Ashani Fairclough

Personal information
- Date of birth: August 7, 1992 (age 32)
- Place of birth: Portmore, Jamaica
- Height: 6 ft 2 in (1.88 m)
- Position(s): Defender

College career
- Years: Team / Apps / (Gls)
- 2009–2012: South Florida Bulls / 78 / (2)

Senior career*
- Years: Team / Apps / (Gls)
- 2012: VSI Tampa Flames / 5 / (0)
- 2013: Seattle Sounders FC / 0 / (0)
- 2014–2015: Wilmington Hammerheads / 32 / (3)
- 2015: Seattle Sounders FC 2 / 12 / (1)
- 2016: Wilmington Hammerheads / 24 / (5)
- 2017: Charlotte Independence / 1 / (0)

International career^{‡}
- Jamaica U17
- Jamaica U20

Managerial career
- 2024–: Tampa Bay Sun (assistant)

= Ashani Fairclough =

Jamaican footballer (born 1992)

Ashani Fairclough (born August 7, 1992) is a Jamaican retired professional footballer who is currently an assistant coach for USL Super League club Tampa Bay Sun.

==Career==
===Early career===
Fairclough captained his country’s team at Under-17 level in 2007 at the age of fifteen. A year later, he was recruited by various college scouts and chose to attend the University of South Florida. He is one of the youngest Jamaican athletes ever to go to college at just sixteen years old.

===College and amateur===
Fairclough played four years of college soccer for the South Florida Bulls between 2009 and 2012. While he was at college, Fairclough also appeared for USL PDL club VSI Tampa Flames during their 2012 season.

===Professional===
Fairclough wasn't drafted in the 2013 MLS SuperDraft, but signed with Major League Soccer's Seattle Sounders FC on March 22, 2013, after a strong pre-season on trial. However, he was waived by Seattle on June 27, 2013 without ever making a first-team appearance.
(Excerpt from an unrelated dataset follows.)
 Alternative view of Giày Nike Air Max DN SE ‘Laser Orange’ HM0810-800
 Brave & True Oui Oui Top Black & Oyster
Fairclough signed with USL Pro club Wilmington Hammerheads on April 2, 2014. Fairclough was named to the USL Pro team of the week on May 6, 2014. At the end of 2014 USL PRO season, Fairclough was named to the USL PRO first team of the year.

==International==
Fairclough was a member of the 2009 Jamaica national U20 team.

==Coaching==
In 2024, Fairclough joined the staff of the Tampa Bay Sun ahead of the inaugural USL Super League season.